No Pizza on the Piazza San Marco

Source: The Guardian, May 5, 2017

In an effort to “preserve decorum and traditions” in the romantic canal city of Venice, local authorities have banned new kebab shops and other fast-food outlets from opening.

A law passed on Thursday will also limit shops selling pizza by the slice. Only shops selling artisanal ice cream will be spared from the measure, long championed by the mayor of Venice, Luigi Brugnaro.

Paola Mar, the city’s tourism chief, said: “We want to put the brakes on types of activities which are not compatible with the preservation and development of Venice’s cultural heritage.”

Mar said the city was not opposed to kebabs or other types of fast food, and stressed she did not have a problem with people eating outside, although the consumption of takeaway food in St Mark’s Square is prohibited….


3 responses to “No Pizza on the Piazza San Marco

  1. Michael Gundy

    Why would anyone eat pizza (the Disney food of Italy) when Venice offers:

    1. Sarde in saor. This delectable agrodolce or sweet-sour dish
    2. Baccala mantecato. Coming in at a close second is another sublime fish-based antipasto.
    3. Risotto al nero di seppia.
    4. Risi e bisi.
    5. Bigoli in salsa.
    6. Fegato alla veneziana.
    7. Mołéche.
    8. Baicoli.
    9. Fritole
    10. All washed down with Prosecco, Valpolicella, Amarone, Orto di Venezia and Venissa. Your call!

    • “Why…” — Questions starting with this word usually have only unsatisfactory answers.

  2. Styra Avins

    How I welcomed the no-pizza rule. Pizza is not only not native to Venice, it has had a hand in wiping out the trattorias all over Italy. I know, because I was first in Italy in 1956 (yes!!!!!), when food was still regional, when my Italian cello teacher (living in NY but that summer in Italy, where he was giving a master class at the Venetian Conservatorio Benedetto Marcello) lost his temper at me when I asked him where I could eat Lasagne. “Lasagne!”, he fumed, “that’s a Bolognese dish.
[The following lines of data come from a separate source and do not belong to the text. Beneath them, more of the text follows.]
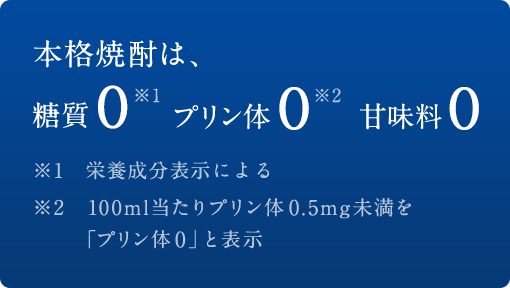 本格焼酎は、糖質0 プリン体0 甘味料0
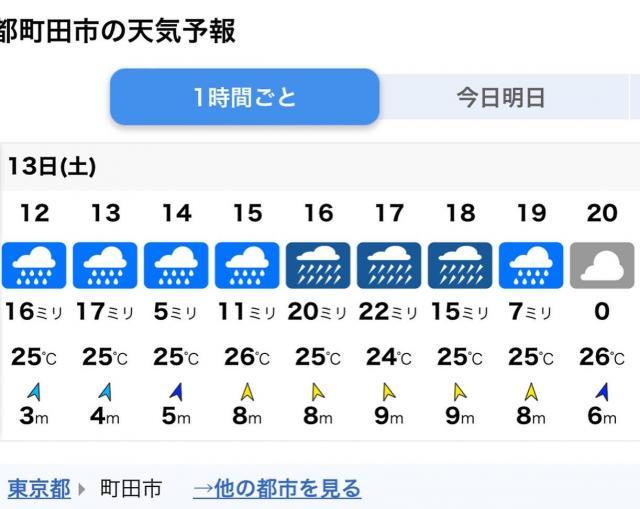 本日の営業に関して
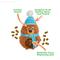 Show in main carousel: Meowijuana Christmas Knock 'N' Nibble Winter Buddy Plush Cat Toy with Catnip, Brown/Blue, Small slide 4 of 9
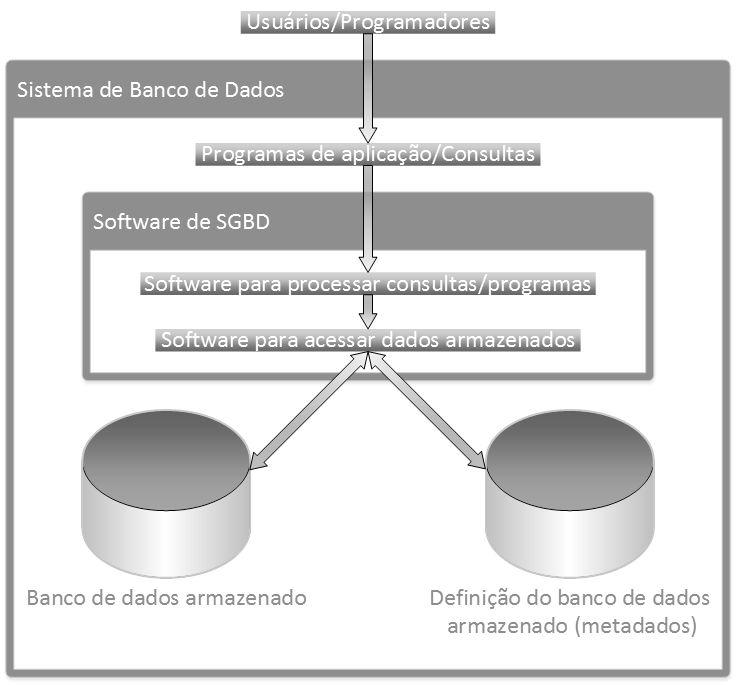 Figura 2.1: Diagrama simplificado de um ambiente de sistema de banco de dados. Adaptado de [1].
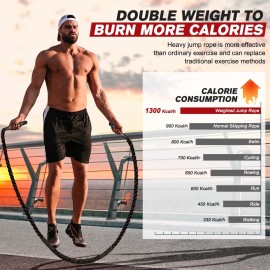 HPYGN Weighted Heavy Skipping/Jump Rope 9.2ft 2.8LB for fitness, Exercise, boxing Gym Training, Home Workout, Improve Strength and Building Muscle, Total Body Workout Equipment for Men HPYGN Weighted Heavy Skipping/Jump Rope 9.2ft 2.8LB for fitness, Exercise, boxing Gym Training, Home Workout, Improve Strength and Building Muscle, Total Body Workout Equipment for Men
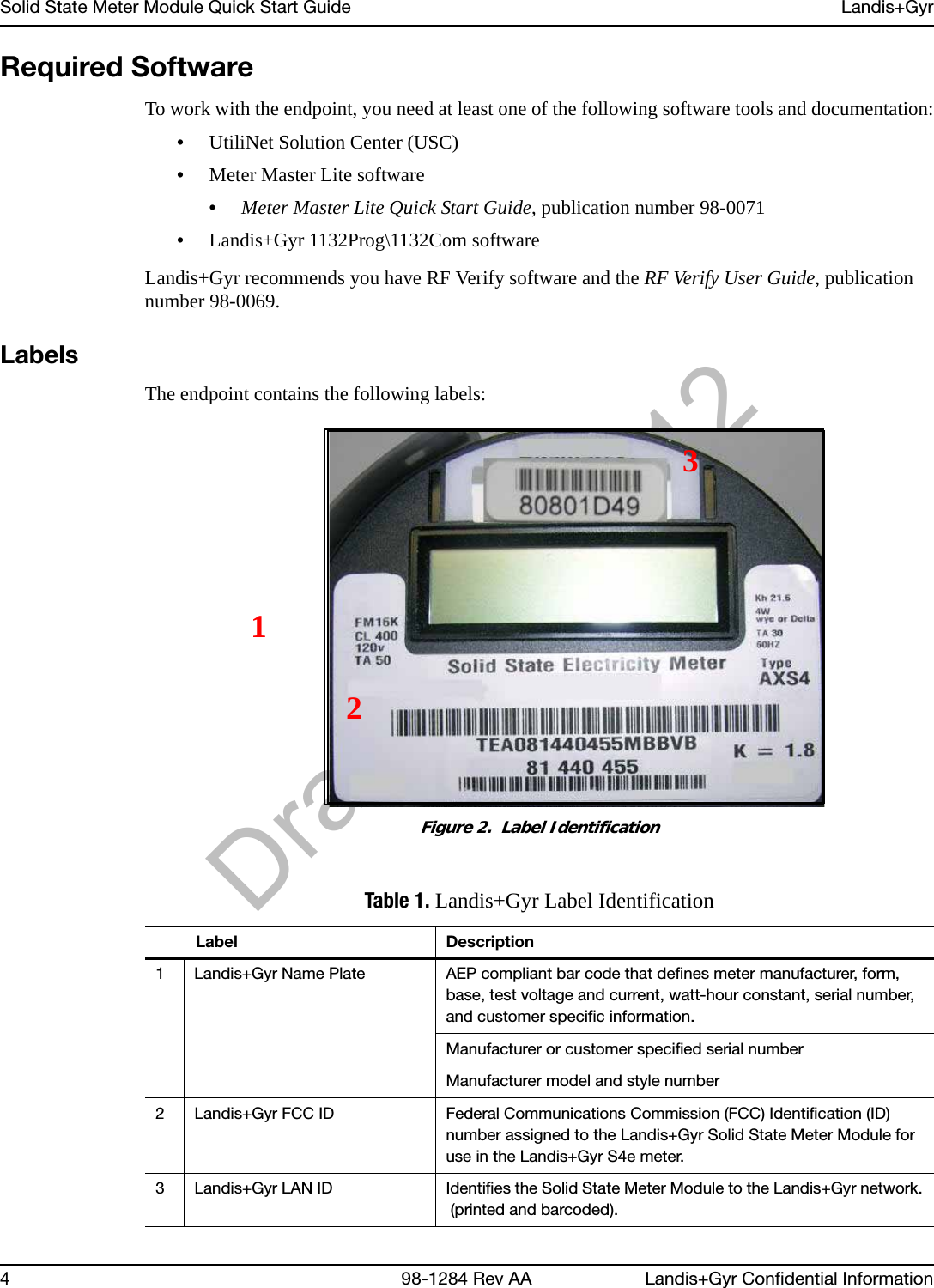 Draft 12/7/2012Solid State Meter Module Quick Start Guide Landis+Gyr4 98-1284 Rev AA Landis+Gyr Confidential InformationRequired SoftwareTo work with the endpoint, you need at least one of the following software tools and documentation:•UtiliNet Solution Center (USC)•Meter Master Lite software•Meter Master Lite Quick Start Guide, publication number 98-0071•Landis+Gyr 1132Prog\1132Com softwareLandis+Gyr recommends you have RF Verify software and the RF Verify User Guide, publication number 98-0069.LabelsThe endpoint contains the following labels:Figure 2.  Label IdentificationTable 1. Landis+Gyr Label Identification         Label Description1 Landis+Gyr Name Plate AEP compliant bar code that defines meter manufacturer, form, base, test voltage and current, watt-hour constant, serial number, and customer specific information.Manufacturer or customer specified serial numberManufacturer model and style number2 Landis+Gyr FCC ID Federal Communications Commission (FCC) Identification (ID) number assigned to the Landis+Gyr Solid State Meter Module for use in the Landis+Gyr S4e meter. 3 Landis+Gyr LAN ID Identifies the Solid State Meter Module to the Landis+Gyr network. (printed and barcoded).123
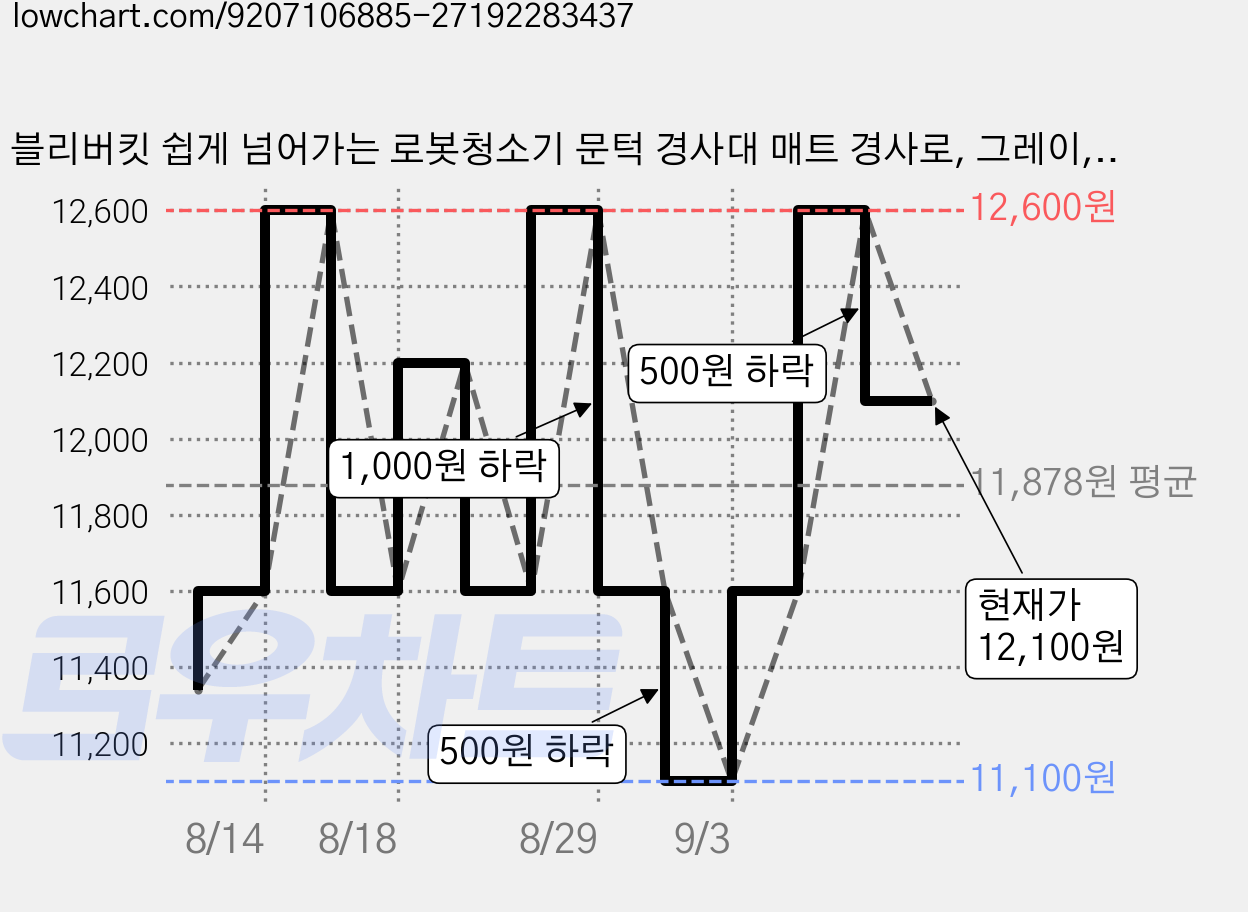 블리버킷 쉽게 넘어가는 로봇청소기 문턱 경사대 매트 경사로, 그레이, 1개 가격 변동 차트, 현재가 12,100원, 관측 최저가 11,100원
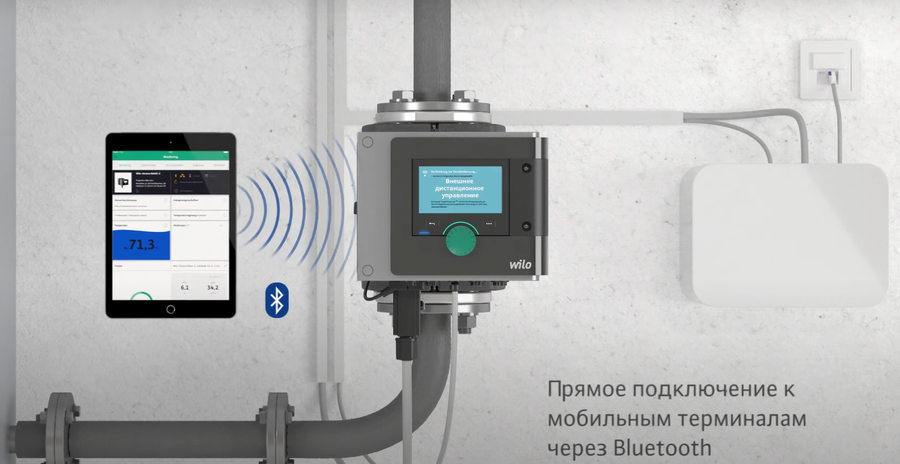 Wilo Stratos MAXO-Z 50/0,5-9 PN6/10 циркуляционный насос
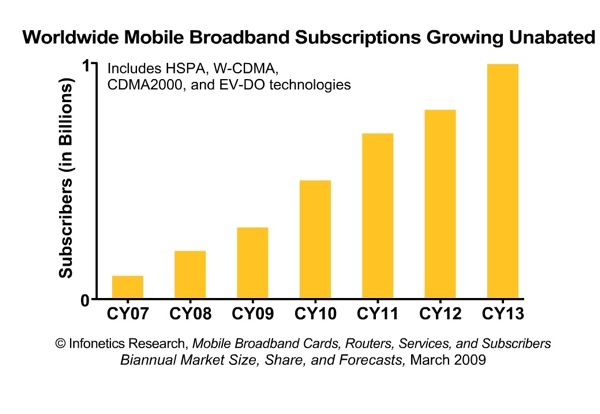 2009-infonetics-mobile-bb-cards-rtrs-svcs-subs-mkt-fcst-1st-delivery-chart 2009-infonetics-mobile-bb-cards-rtrs-svcs-subs-mkt-fcst-1st-delivery-chart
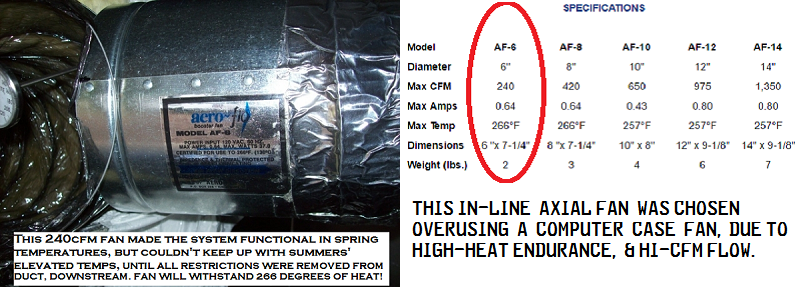 Aero-flo 6 inch-diameter duct fan for exhaust work.png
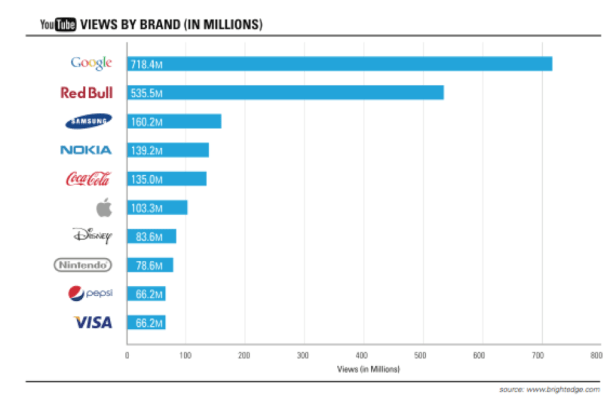 Top-10-YouTube-Brand-Subscibers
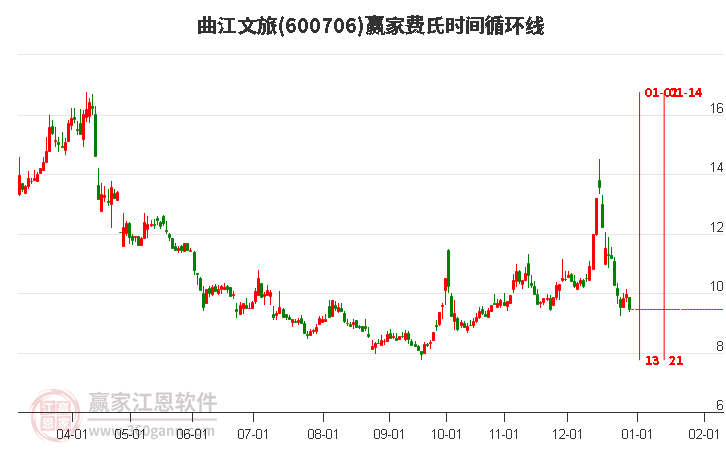 600706曲江文旅費(fèi)氏時(shí)間循環(huán)線工具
You are in Venice!!” Instead there were charming and inexpensive trattorias, where one could sit in a square and eat some of those dishes mentioned by Michael Gundy, and even run into former high-school classmates also in Venice and also eating at a little trattoria. Last time I was in Italy I had a hard time finding anything between a fancy sit-down restaurant and a pizza joint, whether in a town, city, or village.
    p.s. According to my cello teacher, pizza is native to Naples, and in square form native to Rome. And by now, native to New York, where it is different, covered with a ton of cheese and tomato sauce. But delicious!